## Stored dataset items
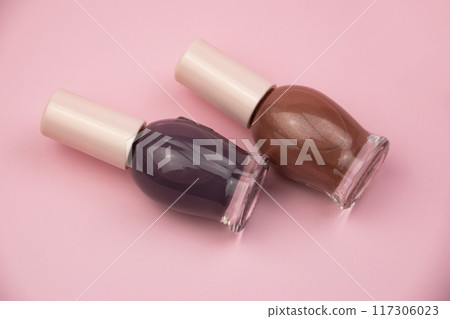 Nail polish small glass bottles on pink background, professional manicure concept 117306023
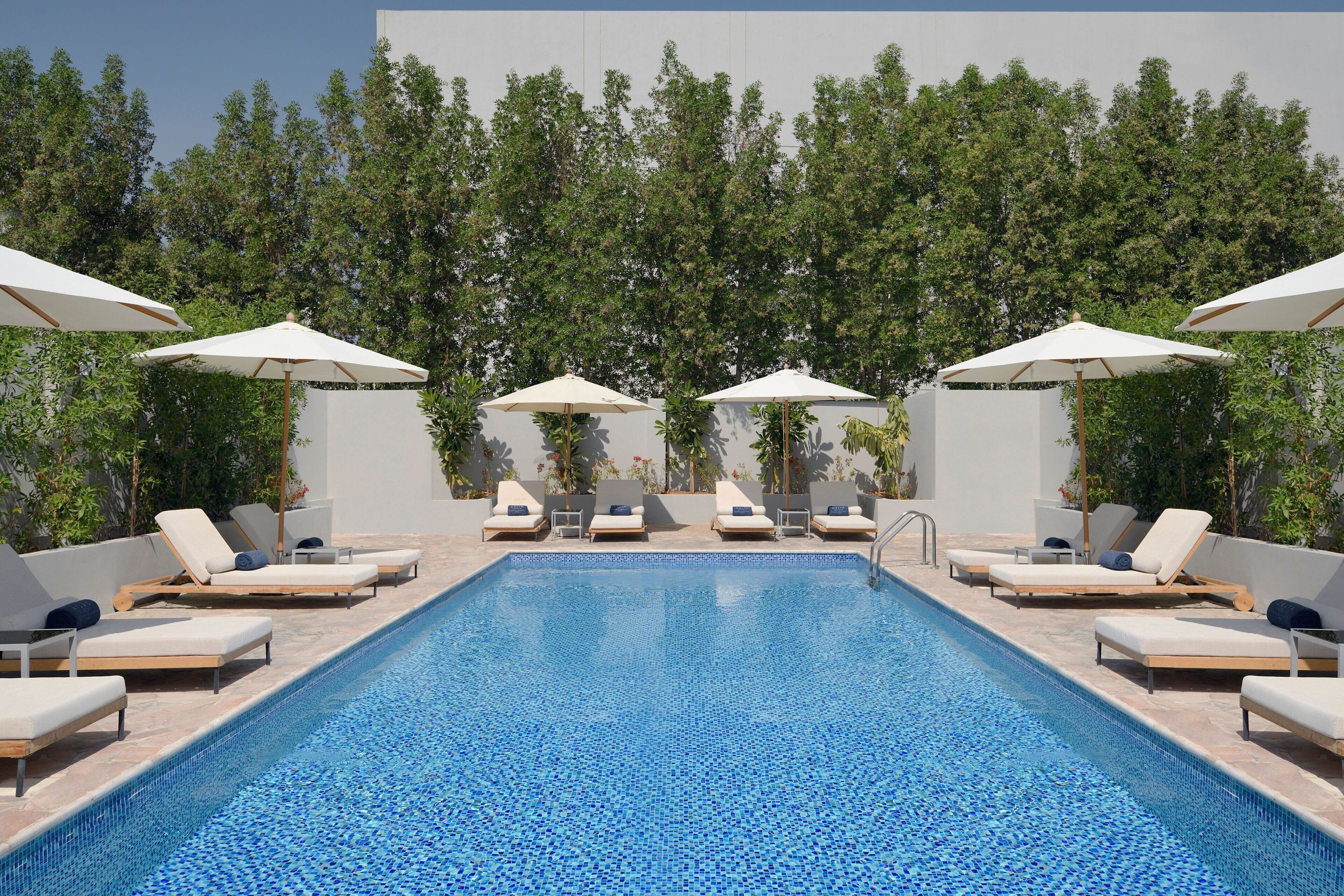 Outdoor pool, pool umbrellas, sun loungers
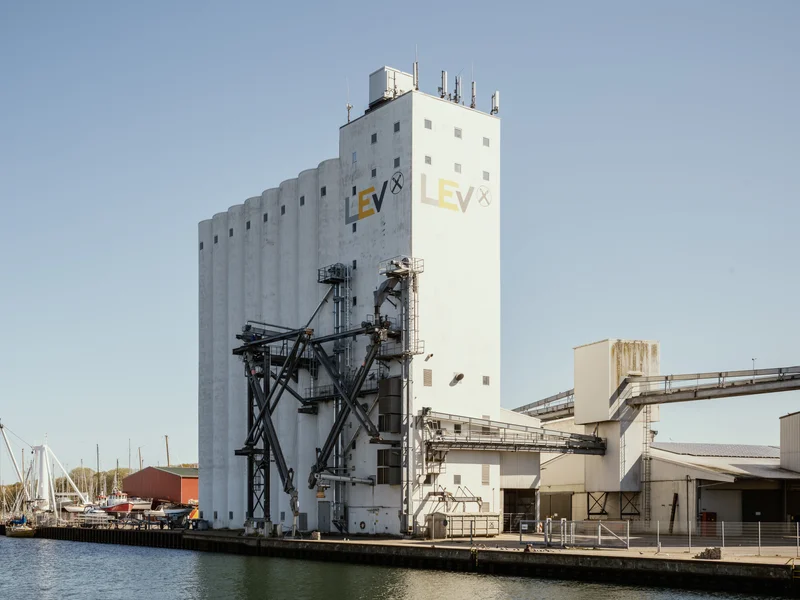 Large industrial building with pipes by a waterfront under a clear blue sky.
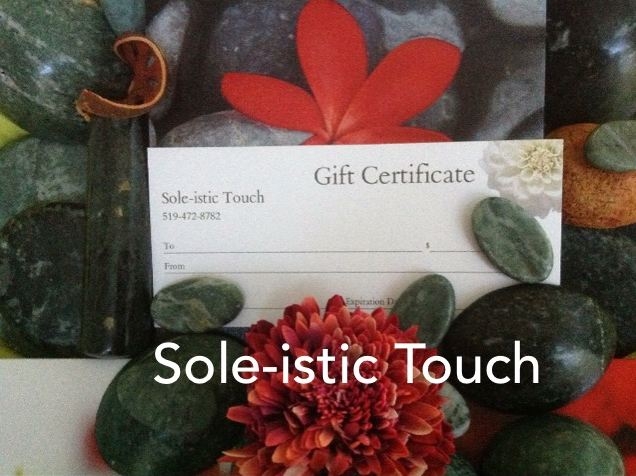 Jade river stones with a red plumeria flower and a Sole-istic Touch gift certificate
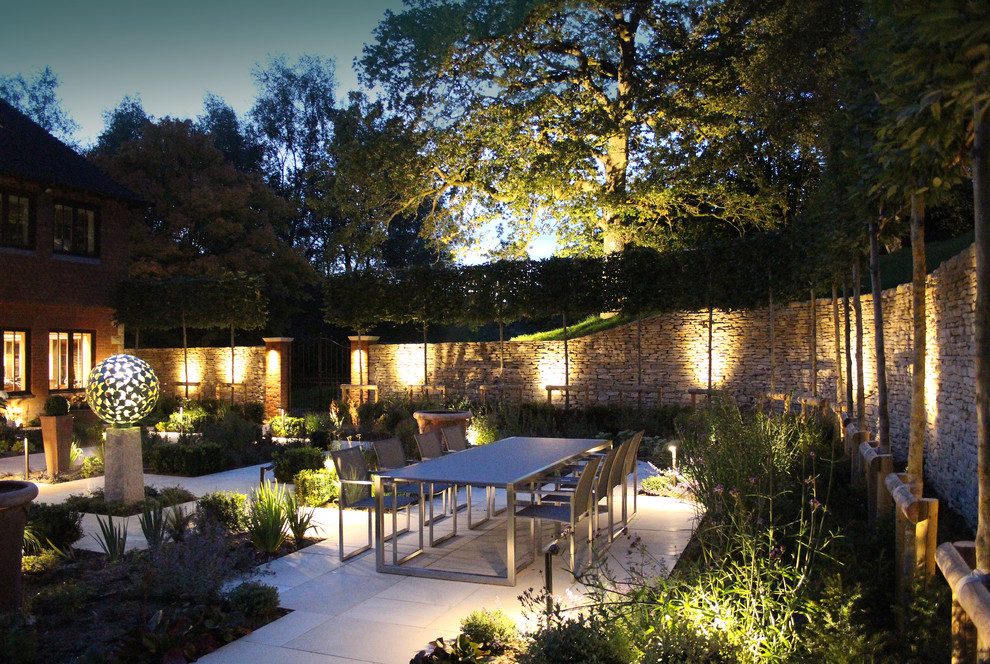 Foto di un giardino formale minimal esposto in pieno sole di medie dimensioni e in cortile in estate con un muro di contenimento e pavimentazioni in pietra naturale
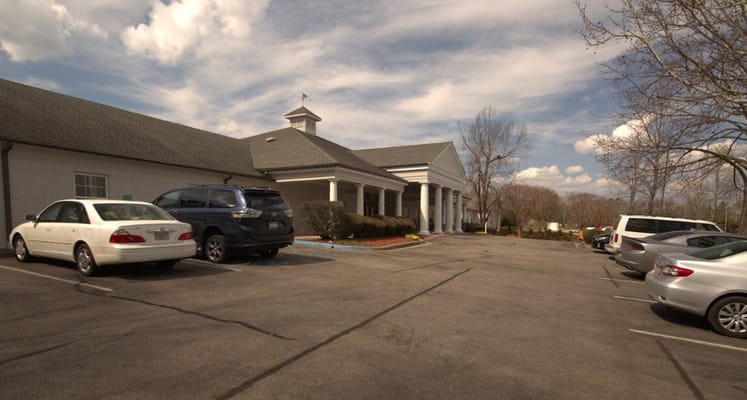 Exterior view of facility entrance and parking area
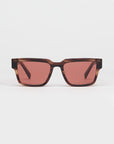 Square sunglasses with a translucent redish brown tortoiseshell frame and light red lenses, shown against a plain light gray background.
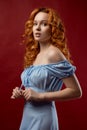 Portrait of a beautiful young woman with long curly red hair, dressed in a fashionable light light blue dress Royalty Free Stock Photo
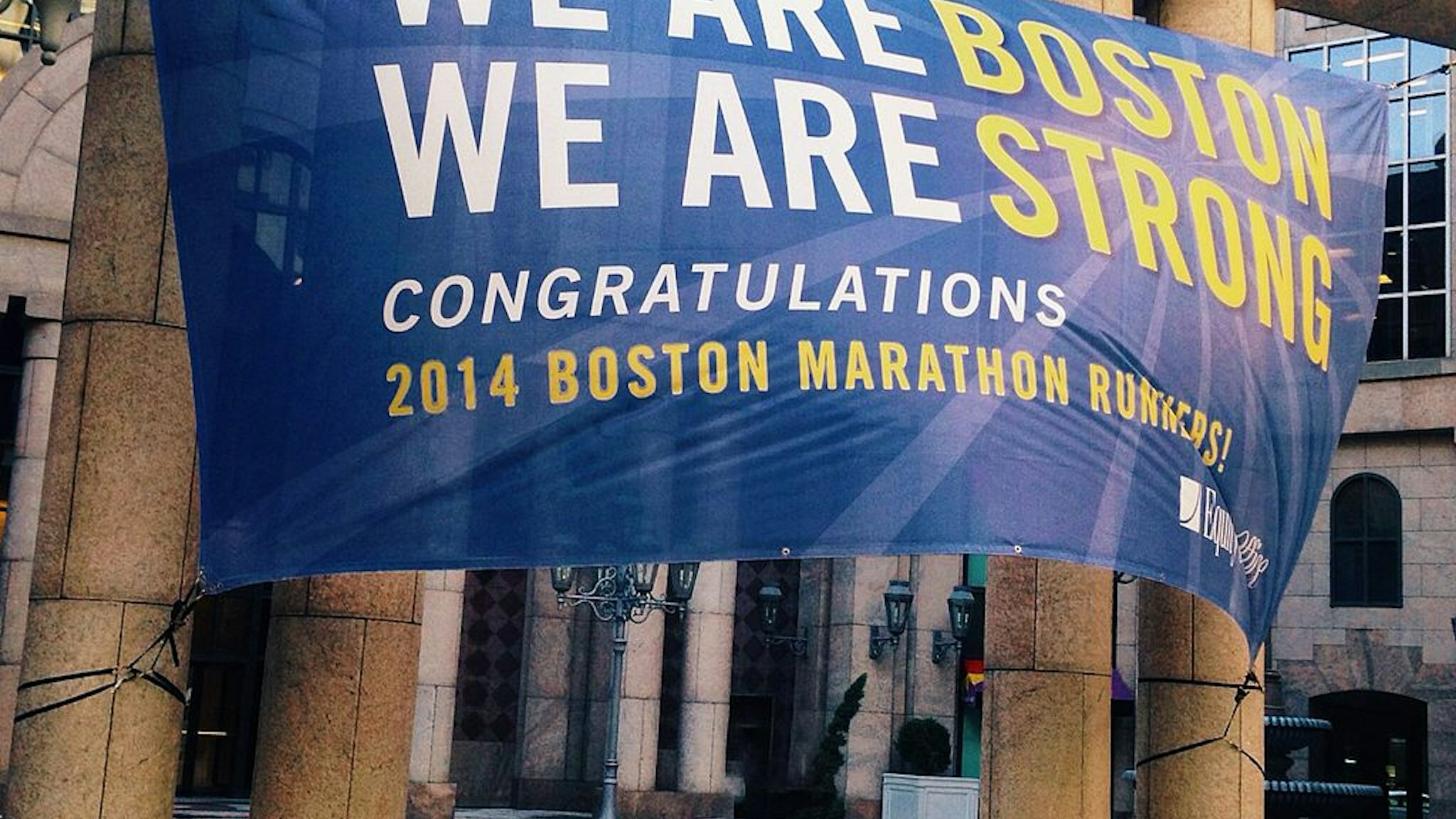 A banner honoring the 2014 Boston Marathon is strung from pillars on Boylston Street and strains in a strong wind.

## Your instructions
Pictures aside, print exactly the lines above starting with the one containing "Jade river stones" and going on through the one containing "Portrait of a".

## Answer for the task
 Jade river stones with a red plumeria flower and a Sole-istic Touch gift certificate
 Foto di un giardino formale minimal esposto in pieno sole di medie dimensioni e in cortile in estate con un muro di contenimento e pavimentazioni in pietra naturale
 Exterior view of facility entrance and parking area
 Square sunglasses with a translucent redish brown tortoiseshell frame and light red lenses, shown against a plain light gray background.
 Portrait of a beautiful young woman with long curly red hair, dressed in a fashionable light light blue dress Royalty Free Stock Photo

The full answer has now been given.